__The input__
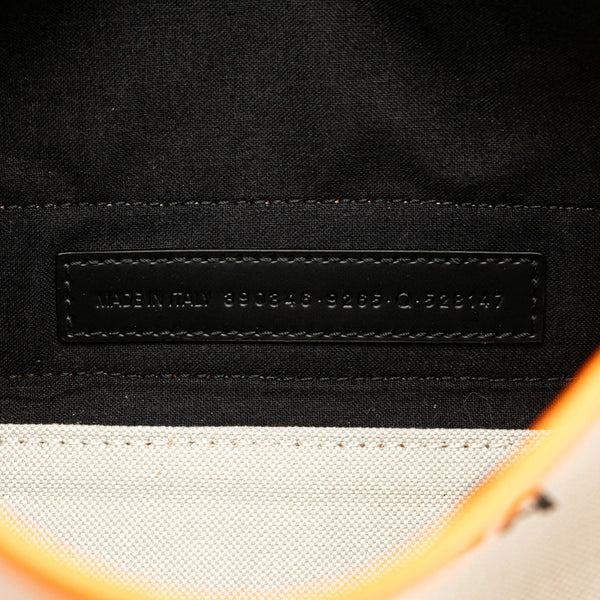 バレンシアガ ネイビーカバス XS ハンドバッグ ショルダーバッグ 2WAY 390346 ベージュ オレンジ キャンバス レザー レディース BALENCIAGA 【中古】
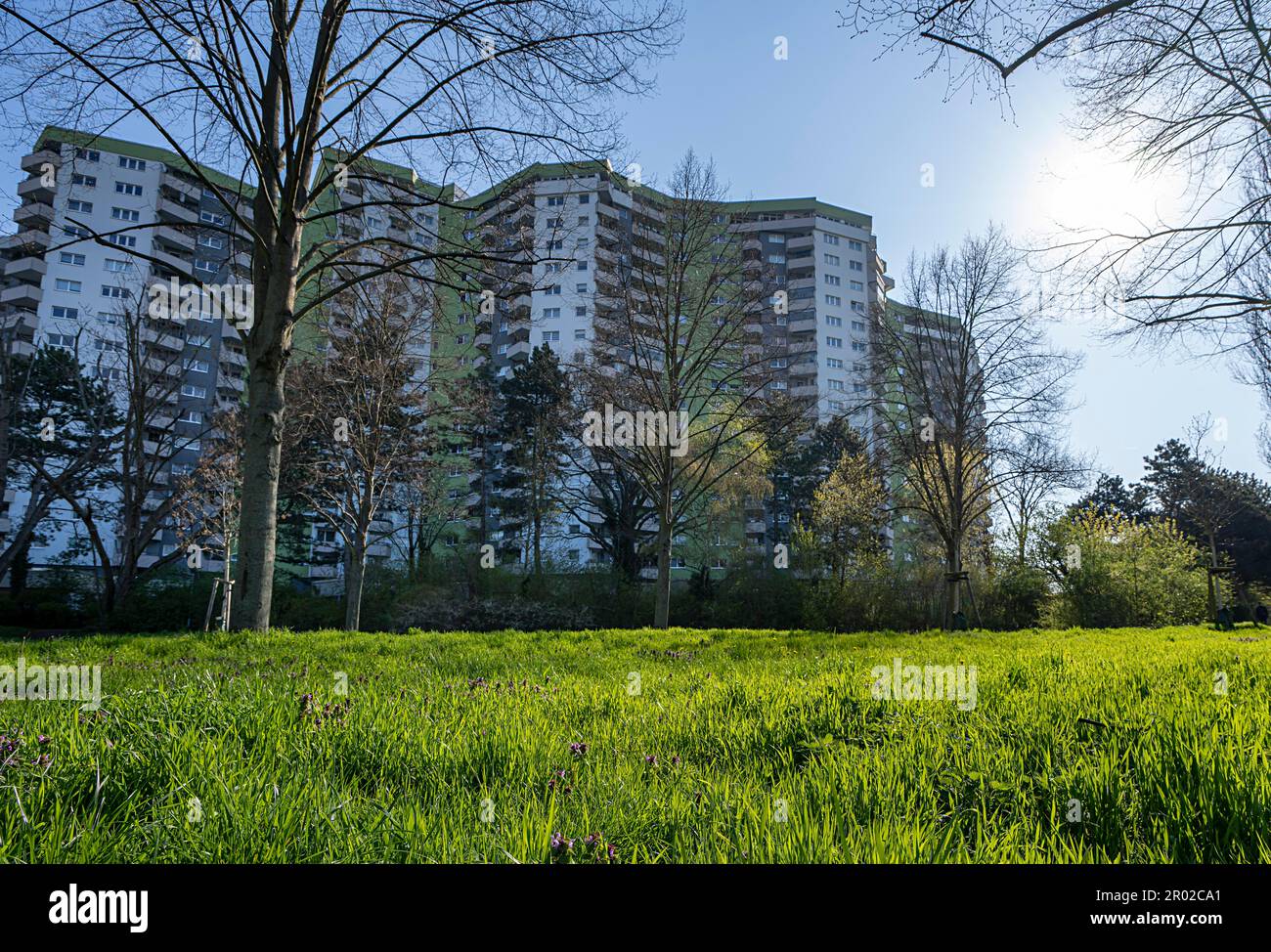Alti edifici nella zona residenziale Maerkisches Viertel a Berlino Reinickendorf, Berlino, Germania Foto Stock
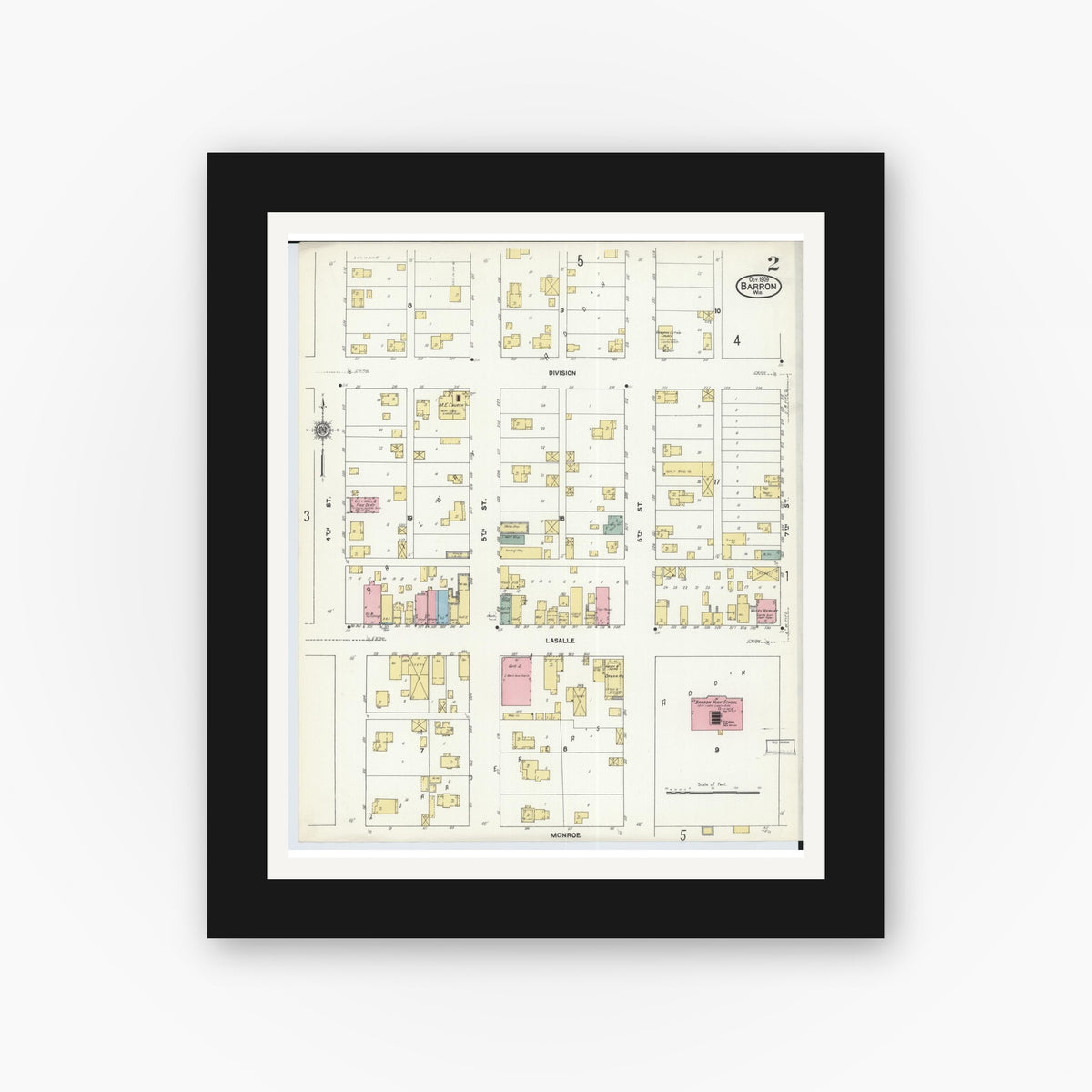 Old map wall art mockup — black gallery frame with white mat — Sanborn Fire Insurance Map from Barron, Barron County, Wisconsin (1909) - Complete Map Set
--
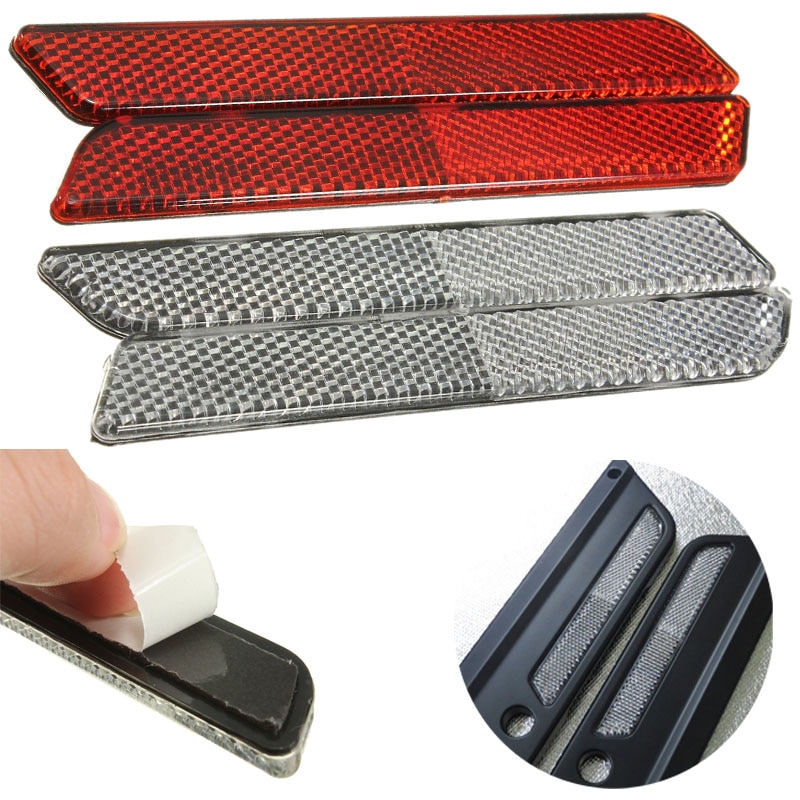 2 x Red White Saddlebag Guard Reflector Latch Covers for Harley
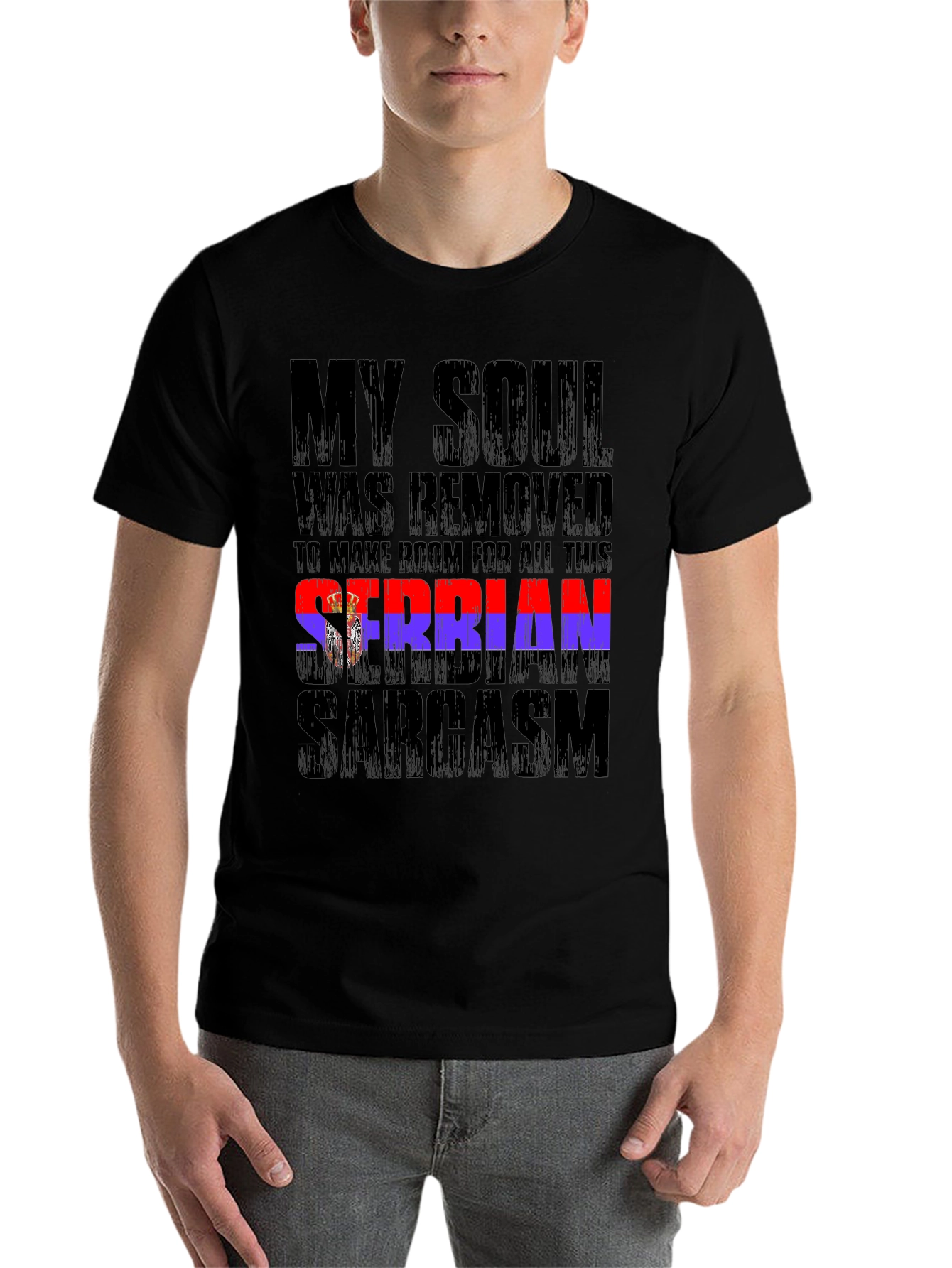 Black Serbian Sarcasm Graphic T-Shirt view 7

__Work order__
Starting at the line above that has "2 x Red White" and ending at the line that has "Black Serbian Sarcasm Graphic T-Shirt view 7", copy each line exactly, leaving the pictures out and adding nothing.

__Reply to the exercise__
 2 x Red White Saddlebag Guard Reflector Latch Covers for Harley
 Black Serbian Sarcasm Graphic T-Shirt view 7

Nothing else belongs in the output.